Cui a découvert qu’en trempant une feuille d’aluminium dans l’eau salée, il pouvait enlever la couche d’oxyde. Il a ensuite transféré la feuille dans un environnement sans oxygène pour empêcher la réoxydation, et enfin, a placé l’aluminium gravé dans un four, où le groupe a effectué des techniques pour faire croître des nanotubes de carbone via un processus appelé dépôt chimique en phase vapeur.

En retirant la couche d’oxyde, les chercheurs ont pu faire croître des nanotubes de carbone sur l’aluminium, à des températures beaucoup plus basses qu’elles ne le feraient autrement, d’environ 100 degrés Celsius. Ils ont également constaté que la combinaison des NTC sur l’aluminium améliorait considérablement les propriétés thermiques et électriques du matériau – un résultat auquel ils s’attendaient.

Ce qui les a surpris, c’est la couleur du matériau.

« Je me souviens avoir remarqué à quel point il était noir avant de faire croître des nanotubes de carbone dessus, puis après la croissance, il semblait encore plus sombre », se souvient Cui. « J’ai donc pensé que je devrais mesurer la réflectance optique de l’échantillon.

« Notre groupe ne se concentre généralement pas sur les propriétés optiques des matériaux, mais ce travail se déroulait en même temps que nos collaborations art-science avec Diemut, donc l’art a influencé la science dans ce cas », explique Wardle.

Wardle et Cui, qui ont déposé une demande de brevet pour cette technologie, mettent gratuitement le nouveau procédé CNT à la disposition de tout artiste pour qu’il l’utilise dans le cadre d’un projet artistique non commercial.

« Construit pour subir des abus »

Cui a mesuré la quantité de lumière réfléchie par le matériau, non seulement directement au-dessus de la tête, mais aussi sous tous les autres angles possibles. Les résultats ont montré que le matériau absorbait au moins 99,995 % de la lumière entrante, sous tous les angles. En d’autres termes, il réfléchit 10 fois moins de lumière que tous les autres matériaux super noirs, y compris le Vantablack. Si le matériau contenait des bosses ou des crêtes, ou des caractéristiques de quelque nature que ce soit, quel que soit l’angle sous lequel il était vu, ces caractéristiques seraient invisibles, obscurcies dans un vide de noir.
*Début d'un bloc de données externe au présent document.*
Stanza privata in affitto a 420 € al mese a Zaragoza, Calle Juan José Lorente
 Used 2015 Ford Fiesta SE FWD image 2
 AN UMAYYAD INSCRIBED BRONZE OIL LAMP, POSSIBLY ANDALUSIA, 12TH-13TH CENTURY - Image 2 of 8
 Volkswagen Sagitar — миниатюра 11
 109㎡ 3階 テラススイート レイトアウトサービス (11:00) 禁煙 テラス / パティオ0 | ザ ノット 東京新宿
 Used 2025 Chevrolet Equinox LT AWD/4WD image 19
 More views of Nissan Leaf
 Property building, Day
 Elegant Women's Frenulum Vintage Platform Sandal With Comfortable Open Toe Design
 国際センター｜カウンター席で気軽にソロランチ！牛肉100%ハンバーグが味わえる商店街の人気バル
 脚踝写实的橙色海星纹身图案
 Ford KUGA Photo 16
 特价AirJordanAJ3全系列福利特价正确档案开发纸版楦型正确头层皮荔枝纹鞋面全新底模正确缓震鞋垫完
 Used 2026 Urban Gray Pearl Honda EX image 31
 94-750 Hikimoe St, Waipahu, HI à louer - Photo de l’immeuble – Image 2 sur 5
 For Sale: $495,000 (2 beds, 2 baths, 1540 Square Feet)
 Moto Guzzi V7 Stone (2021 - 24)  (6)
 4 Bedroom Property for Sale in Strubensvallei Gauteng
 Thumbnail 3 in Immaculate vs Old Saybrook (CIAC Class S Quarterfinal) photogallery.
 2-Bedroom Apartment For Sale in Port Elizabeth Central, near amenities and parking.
Les chercheurs ne sont pas tout à fait sûrs du mécanisme contribuant à l’opacité du matériau, mais ils soupçonnent que cela pourrait avoir un rapport avec la combinaison de l’aluminium gravé, qui est quelque peu noirci, avec les nanotubes de carbone. Les scientifiques pensent que les forêts de nanotubes de carbone peuvent piéger et convertir la plupart de la lumière entrante en chaleur, en en renvoyant très peu sous forme de lumière, ce qui donne aux CNT une teinte particulièrement noire.

« Les forêts de CNT de différentes variétés sont connues pour être extrêmement noires, mais il manque une compréhension mécanistique de la raison pour laquelle ce matériau est le plus noir. Cela doit faire l’objet d’une étude plus approfondie », déclare Wardle.

Le matériau suscite déjà l’intérêt de la communauté aérospatiale. L’astrophysicien et lauréat du prix Nobel John Mather, qui n’a pas participé à la recherche, explore la possibilité d’utiliser le matériau de Wardle comme base d’une ombre d’étoile – une ombre noire massive qui protégerait un télescope spatial de la lumière parasite.

« Les instruments optiques comme les caméras et les télescopes doivent se débarrasser des éblouissements indésirables, afin que vous puissiez voir ce que vous voulez voir », explique Mather. « Aimeriez-vous voir une Terre en orbite autour d’une autre étoile ? Nous avons besoin de quelque chose de très noir. … Et ce noir doit être résistant pour supporter le lancement d’une fusée. Les anciennes versions étaient de fragiles forêts de fourrure, mais celles-ci ressemblent davantage à des épurateurs de pots – construits pour subir des abus. »

*Une version antérieure de cette histoire indiquait que le nouveau matériau capturait plus de 99,96 % de la lumière entrante. Ce chiffre a été mis à jour pour être plus précis : le matériau absorbe au moins 99,995 % de la lumière entrante.